La candidate LR à la mairie de Paris Rachida Dati met la pression sur le crucial XVe arrondissement, où elle apparaîtra mardi soir aux côtés de François Baroin et d'une partie de la direction de LR lors d'une réunion de campagne.
Dans une vidéo postée mardi sur Twitter, le maire de Troyes, donné par certains comme le possible candidat de la droite à la présidentielle de 2022, a apporté son soutien à Agnès Evren, la candidate investie par LR, en louant "son profesionnalisme, ses compétences, son engagement, son sens du travail".
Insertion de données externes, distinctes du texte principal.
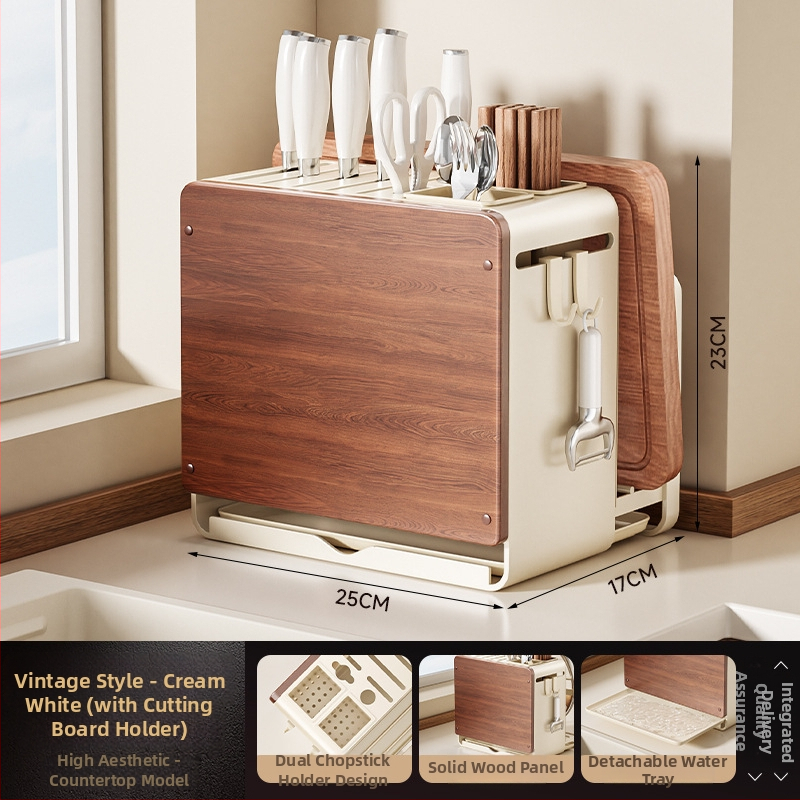 Fali konyhai kés- és vágódeszka tároló, multifunkcionális, szerelés nélkül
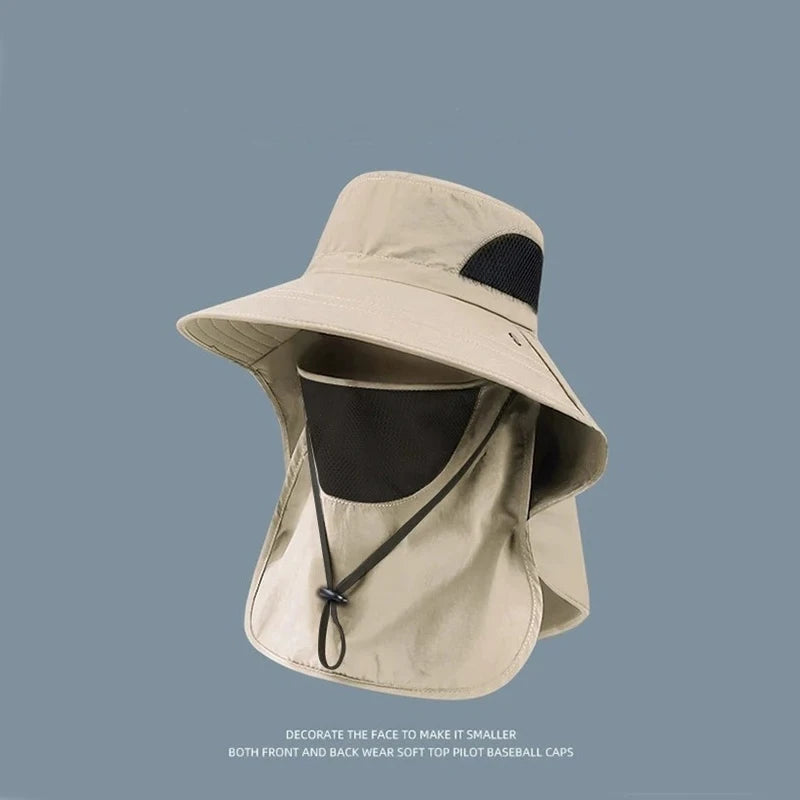 UPF 50+ Sun Hat with Face Neck Flap Wide Brim UV Protection Fishing Hat for Men Women Outdoor Hiking Gardening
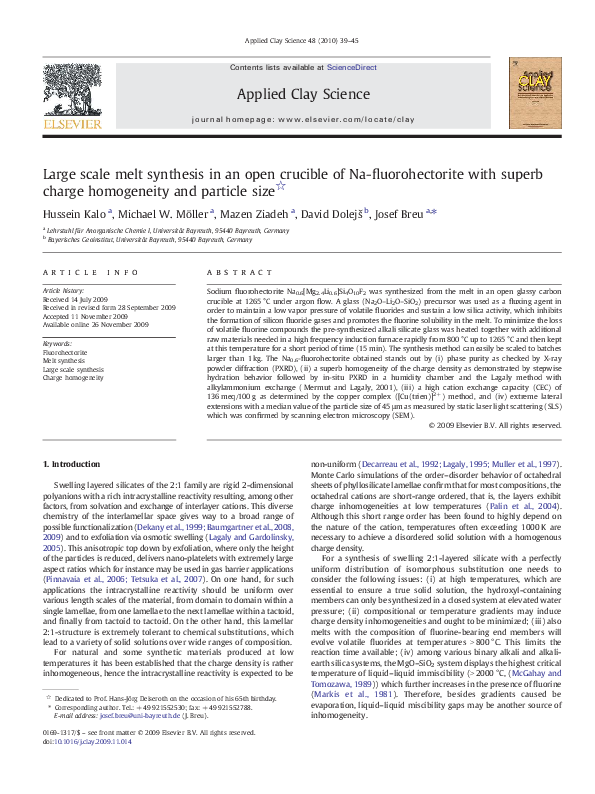 (PDF) Large scale melt synthesis in an open crucible of Na ...
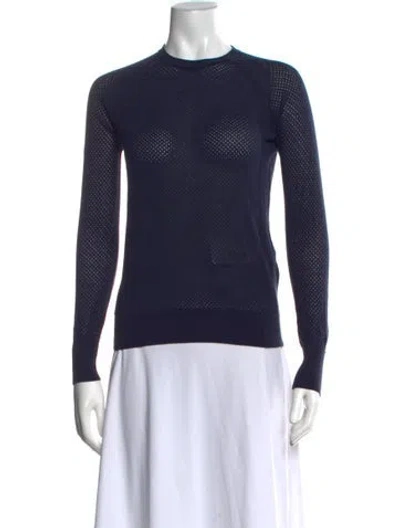 Pre-owned Equipment Silk Crew Neck Sweater In Blue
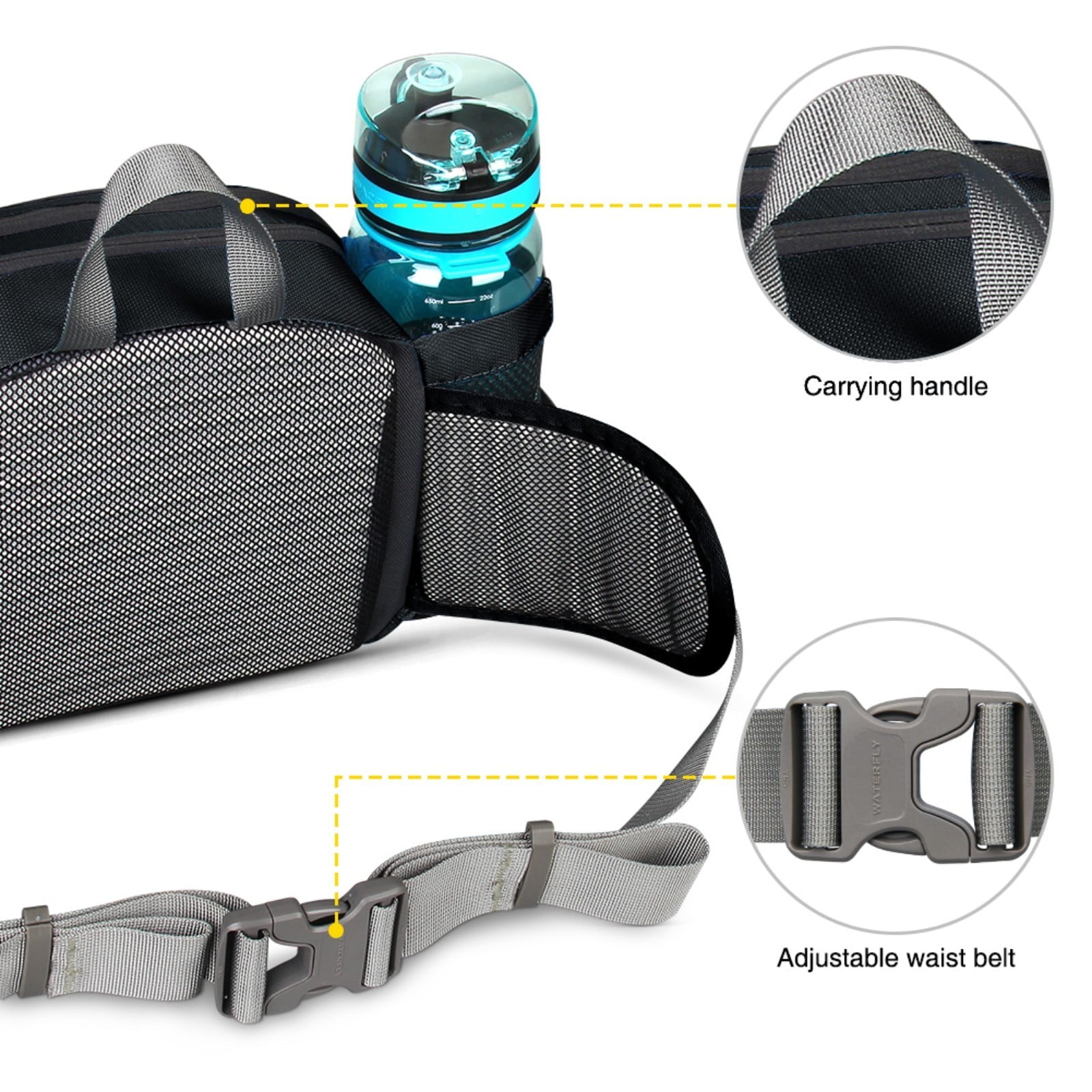 WATERFLY Unisex Large Capacity Hiking with Bottle Holder Nylon Fanny Pack Waist Bag,Gray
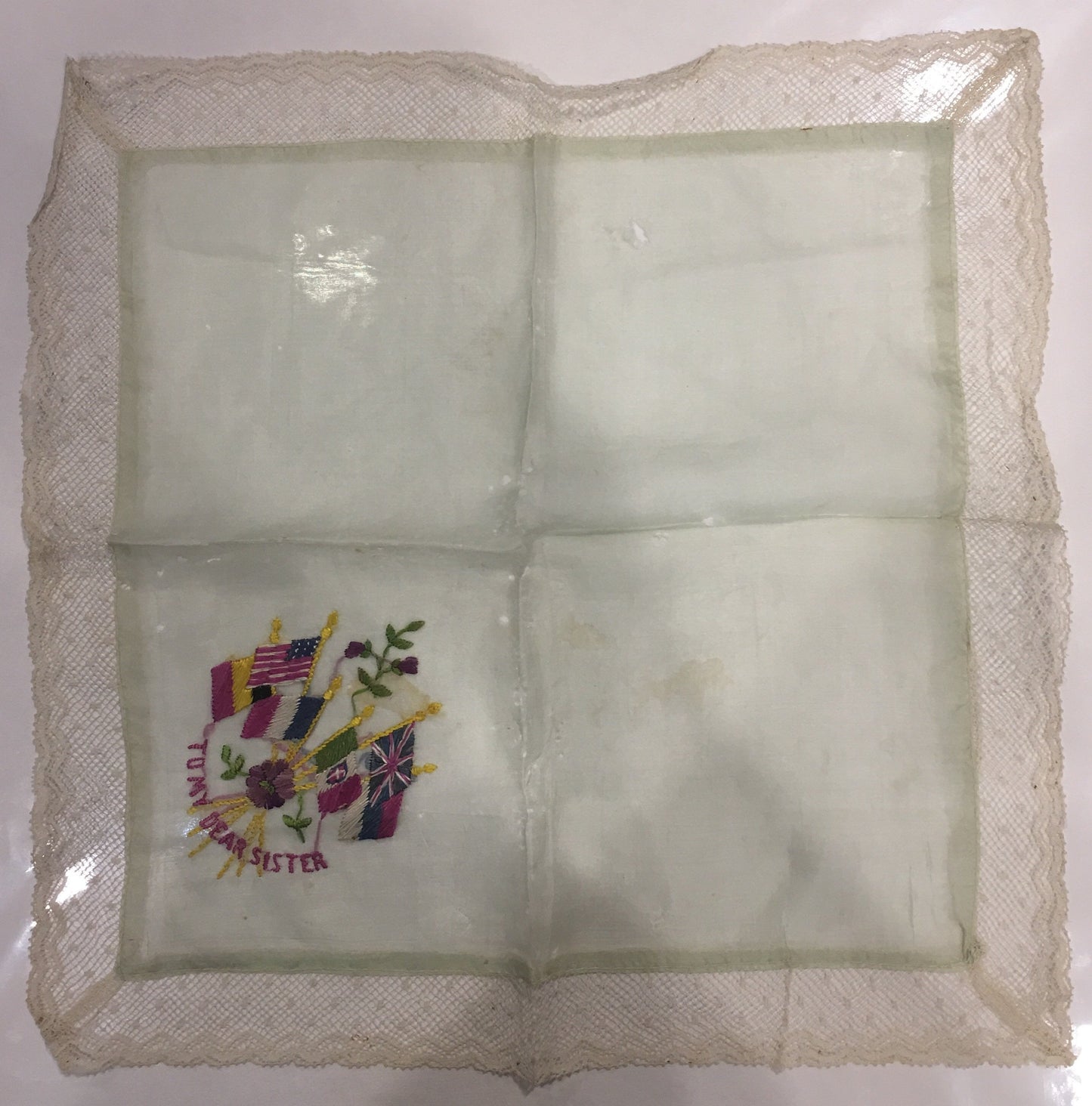 "To My Dear Sister" | Vintage Handkerchief | 12" x 13"-Vintage Hankerchief-Sterling-and-Burke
L'arrondissement fait l'objet d'une âpre bataille à droite puisque le maire sortant Philippe Goujon, LR lui aussi, se présente également, son refus de soutenir Mme Dati ayant poussé le parti à présenter sa propre candidate.
Mme Dati tacle régulièrement le maire sortant, élu depuis 2008. "Ces dissidents qui sont dans la tactique uniquement pour sauver leur siège, c'est ce qui nous a fait perdre depuis des années", a-t-elle assuré dimanche sur BFMTV, en se disant "sans concessions" sur le sujet.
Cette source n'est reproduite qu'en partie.